Filólogo

En diciembre a la gente le da por cenar. Hay cenas institucionales, con regalo incluido, pagadas por ayuntamientos, consejerías y diputaciones, o sea por todos nosotros, para disfrute de los políticos, de las que te enteras si tienes algún cuñado beneficiado que te enseña, con el aire de las conspiraciones, el reloj que le han regalado y te confirma el grado de complicidad que existe entre todos, sean del partido que sean, en estas tragantonas.

Están luego las cenas benéficas, de epulones y lázaros. Ya que todo el mundo no puede sentar un pobre a su mesa, porque no hay pobres para todos, se instaura la mística glotona del ibérico, la dorada, el cordero, barra libre, el baile y el vino que tiene Asunción, a doscientos euros por cabeza, a favor de un centro benéfico de sopa-avecren, a la que asisten, por el aderezo, damas de toda la vida tipo ancien regimen, acompañadas de sagaces empresarios que logran que se beba, en el altruista ágape, su vino, se consuma su cordero y la cosa sea provechosa también para los píos organizadores.
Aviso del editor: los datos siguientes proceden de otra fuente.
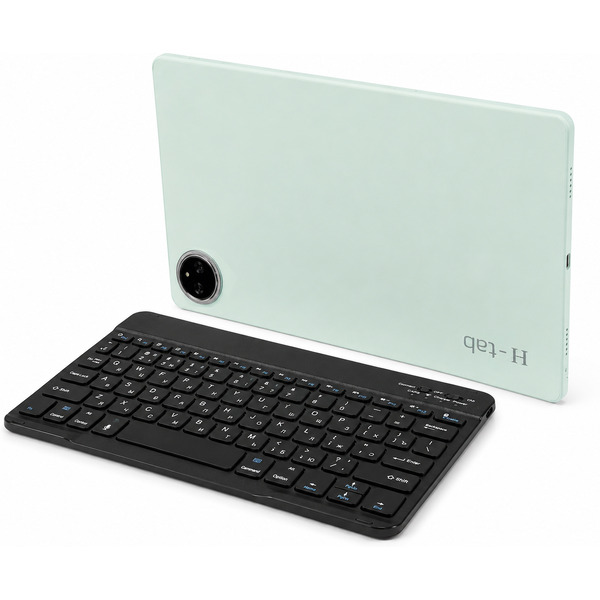 Планшет Horizont H-Tab Crystal 6GB/128GB LTE (с клавиатурой, мятный)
Las cenas de trabajo proporcionan trabajo casi todo el mes, mayormente a los funcionarios, que se afanan con los menús, los precios, los comensales, las idas y venidas para sacar gratis el champán y ajustar los precios, todo un sobreesfuerzo para una cena menestral en la que los restauradores, dada el hambre general y el follón, pasan de esmero y asimismo, se aprovechan. La cena de empresa se hace para reforzar la unión entre los trabajadores temporales con sueldos de miseria, dependientes de un gerente que puede dejarles sin cenar a él y a toda su familia cuando se le ponga en los colgantes, pero que esa noche brindará con champán malo, bailará con la trabajadora más antigua, y logrará que la mayor parte de los trabajadores se deje parte de la extraordinaria en el restaurante, que es, naturalmente, del dueño de la empresa. ¡Pues buen provecho!